JORNADA DE REFLEXIÓN

    Entre los mensajes de todo tipo que se amontonaban en la Puerta del Sol el quince de mayo de dos mil once, me sorprendió uno que permanece en mi memoria todavía: “Me gustas cuando votas porque estás como ausente”. Cuatro años después, el panorama político ha cambiado un tanto quién sabe si para que todo siga igual, de la misma manera que en esta segunda semana de feria, los signos de regeneración se han difuminado y el estado de cosas taurino ha vuelto por donde solía, al difícil calvario que el aficionado transita cada tarde, cuando ni los toros ni los toreros ofrecen mayor atractivo que los rostros que estos días nos sonríen desde los carteles electorales.

        En las Ventas, como en las urnas, siguen existiendo listas cerradas y bloqueadas de ganaderías que el empresario contrata año tras año con independencia de sus méritos en el ruedo. Jandilla, el Montecillo y Núñez del Cuvillo, vacadas con la casta en diminutivo, nos endosaron animales que, como los del Pilar suelen reunir las tres virtudes de la teología del toro moderno, feos, flojos y descastados. Para completar el desastre ganadero del que sólo se salvó Alcurrucén, el hierro de Parladé honró la tradición de fracasar en el día en que se descubrió en el patio del desolladero el azulejo que conmemora la injusticia que llevarán para siempre en su conciencia los ilustres críticos que tuvieron a bien concederle el premio a la ganadería más brava del año pasado.

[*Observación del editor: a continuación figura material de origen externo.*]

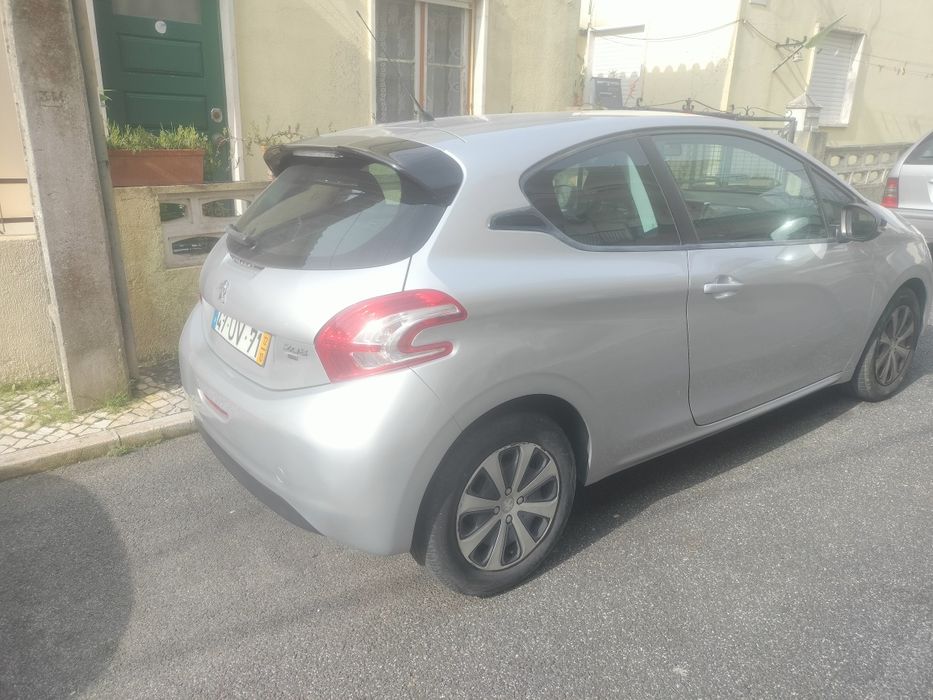 Peugeot 206  1.4 HDI automatico
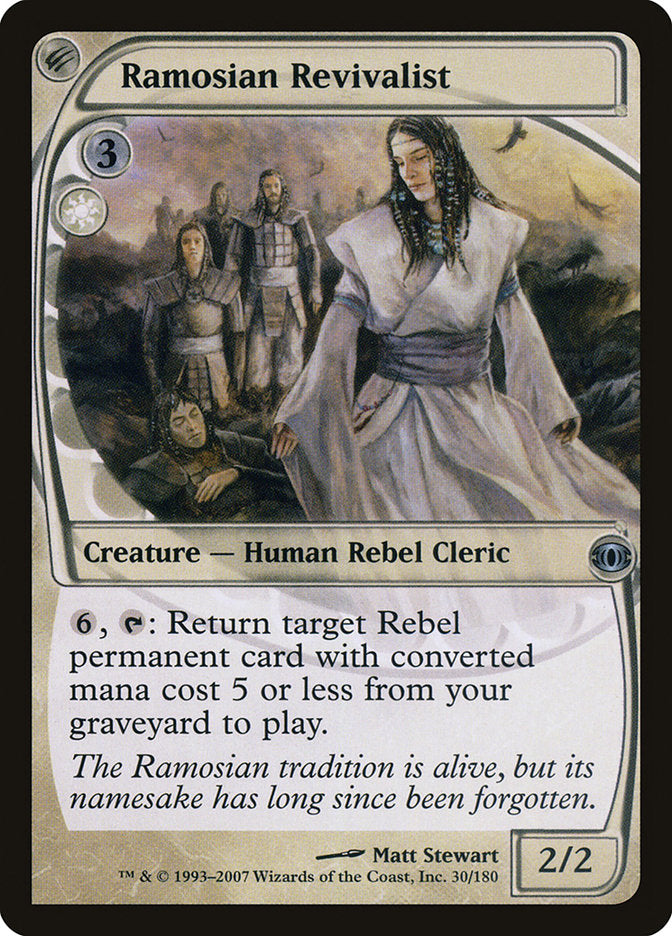 Ramosian Revivalist [Future Sight] | Gamers Paradise
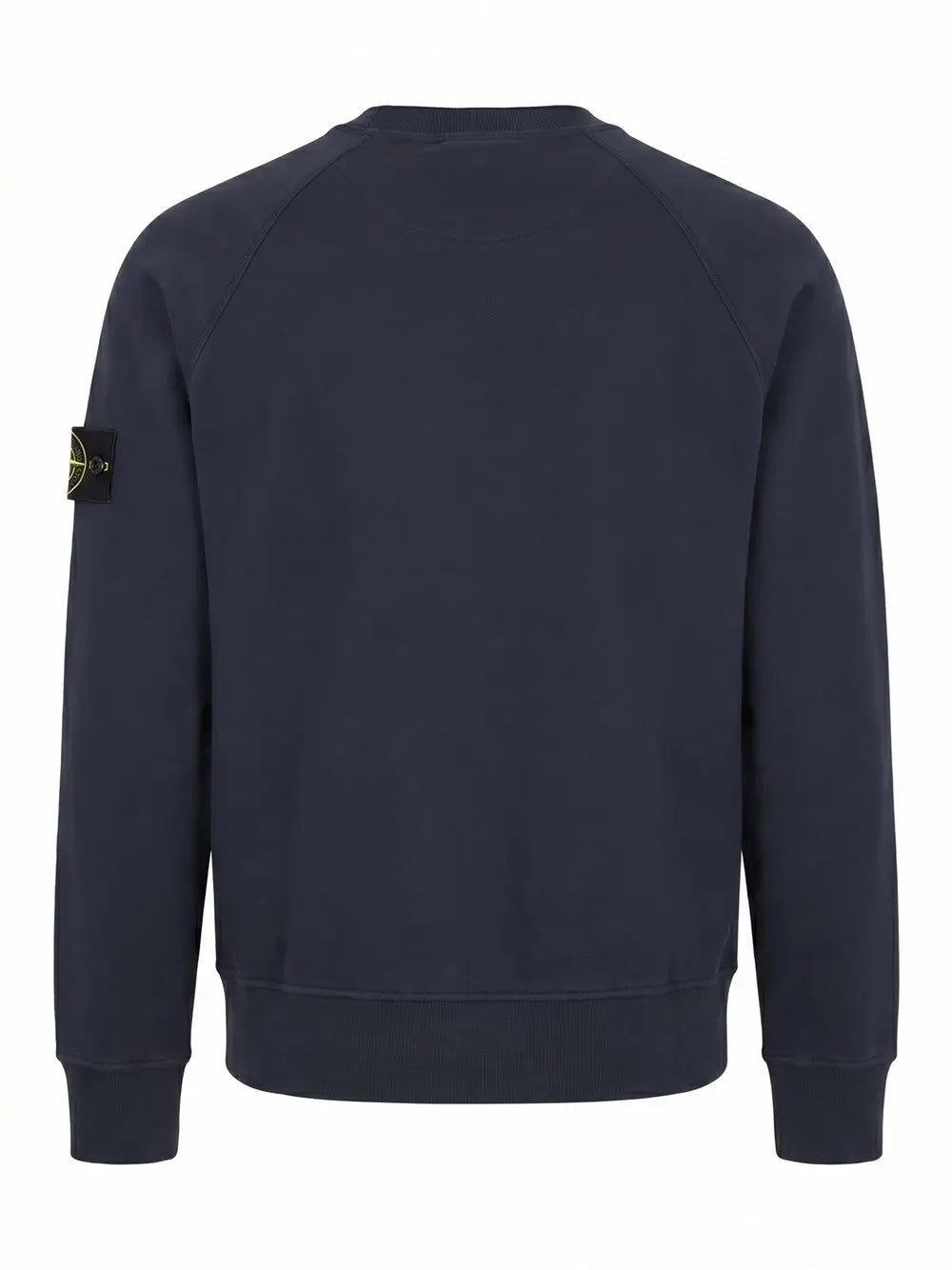 Stone Island Men Organic Cotton Fleece Sweatshirt STONE ISLAND
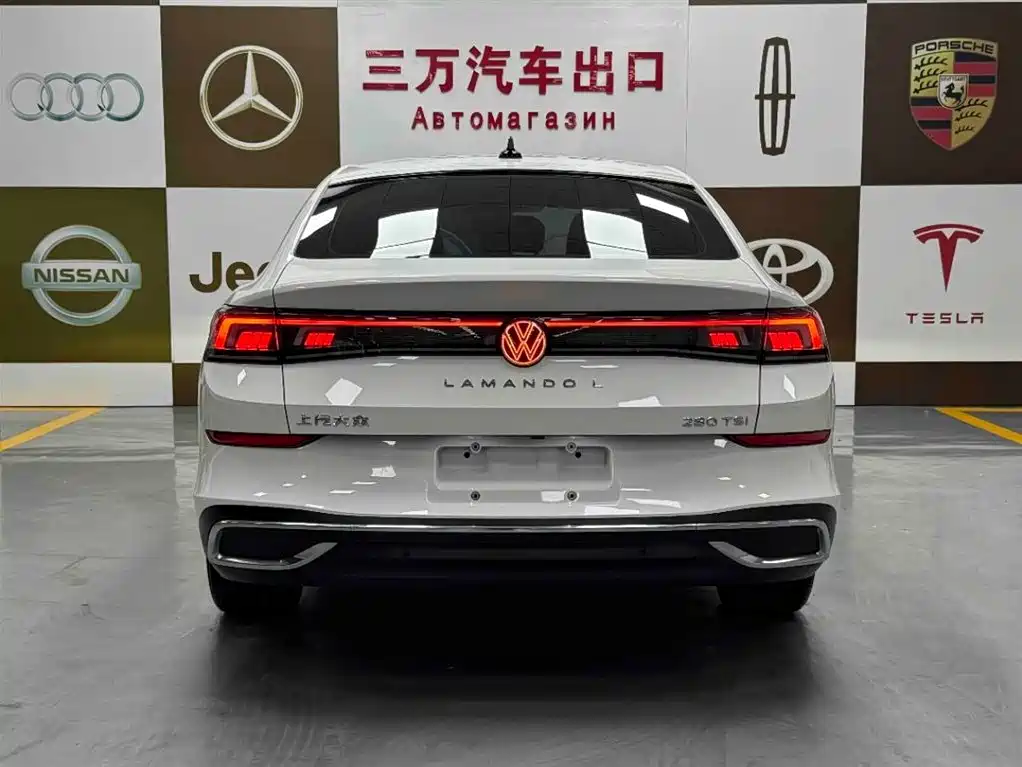 Volkswagen Lamando 2022 Lamando L 280TSI DSG Cool Edition фото 5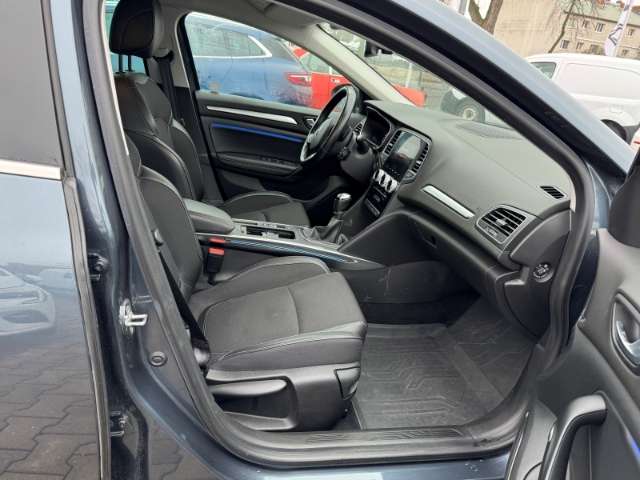 Fahrzeugbild eines Renault Mégane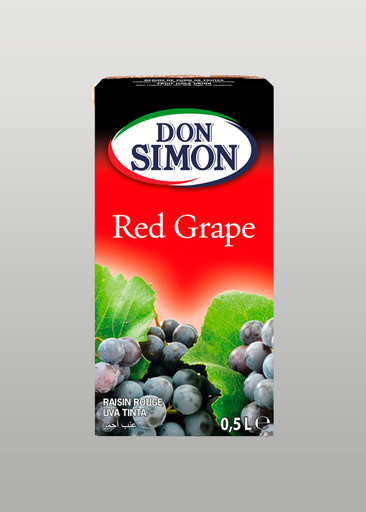 DON SIMON RED GRAPE JUICE 1L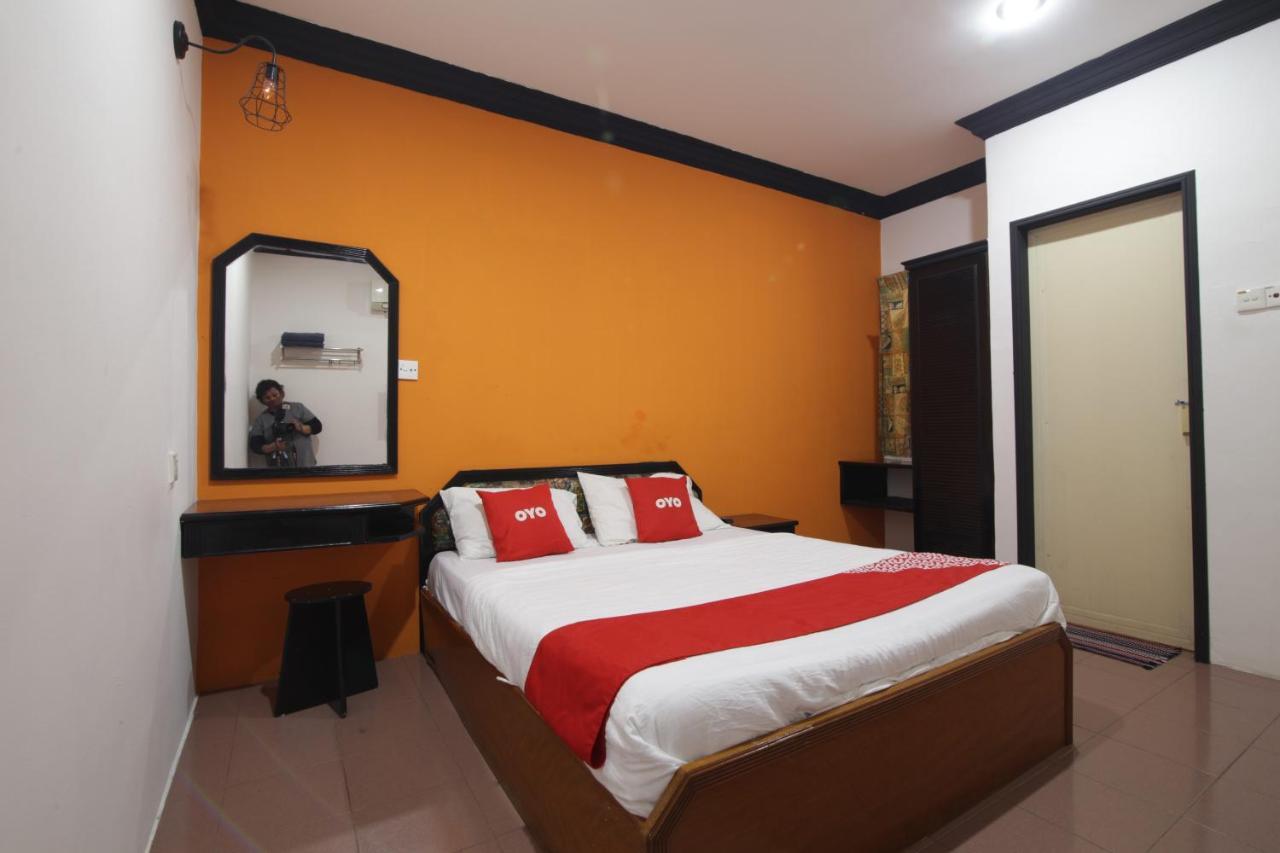 G City Hotel Teluk Intan Exteriér fotografie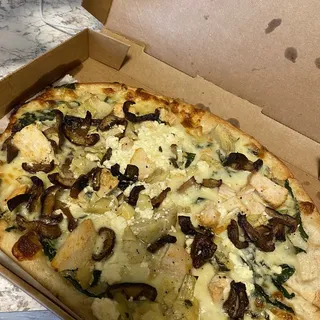 Personal Veggie House Special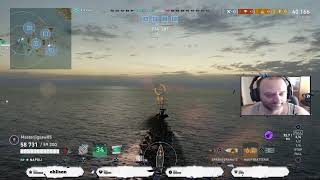 World of Warships Legends [upl. by Nawed226]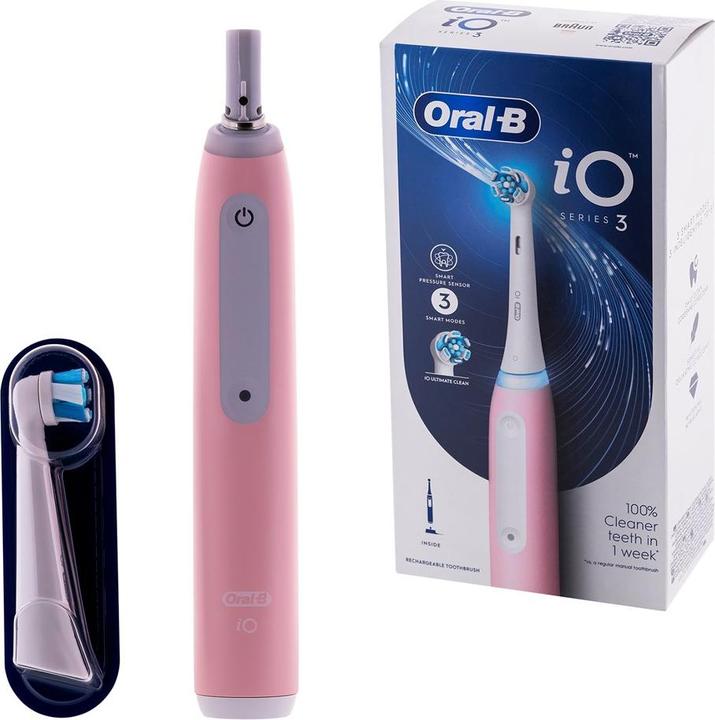 Immagine prodotto Oral-B Spazzolino elettrico, serie iO3 (Spazzolino oscillante)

         De las orejas que se han cortado esta semana en Madrid, nadie recuerda apenas nada, como tampoco quedará gran cosa de las promesas electorales que ahora nos circundan. Los vientos de cambio que se avecinan trajeron tempestades en el ruedo que la mayoría de los toreros sortearon acogiéndose al populismo de los terrenos del cinco donde sus desastradas formas encontraban mejor acomodo. Abellán desgranó en ese lugar algunos naturales encajados, para regresar más tarde al toreo insustancial que suele prodigar. Adame suplió con efectismo sus carencias y cumplió con ese exabrupto de la neoterminología taurina según el cual el mexicano volvió a puntuar en Madrid, donde seguirá jugando su liga particular de empate en empate hasta la derrota final. Castella sorteó el toro más dócil de la feria, un sobrero de el Torero, máquina de embestir sin malicia alguna al que se le simuló la suerte de varas, motivo más que suficiente para convertirse en firme candidato a premio. El francés le aplicó un sinfín de mantazos en línea para que el toro no se quebrantara y pudiera durar los ochenta viajes que el animalito se pegó por la periferia de le Coq, siempre más cómodo con el estajanovismo de la ventaja que con el riesgo de exprimir al toro en veinte pases con la enjundia de la verdad. La suma de despropósitos culminó en un bajonazo infame, ovación cerrada al toro y petición unánime. En cambio, la oreja de Manzanares se otorgó entre una fortísima división de opiniones. El niño de luto nos hizo el favor de dejarse caer por Madrid en su única actuación en el ciclo. Tuvo un lote para soñar el toreo pero se conformó con tirar líneas con su habitual empaque de escaso ajuste, como uno de esos políticos de los nuevos partidos que han hecho de la telegenia su principal virtud y no se atreven a cruzar la frontera del compromiso para no perder el poder que ya se avecina.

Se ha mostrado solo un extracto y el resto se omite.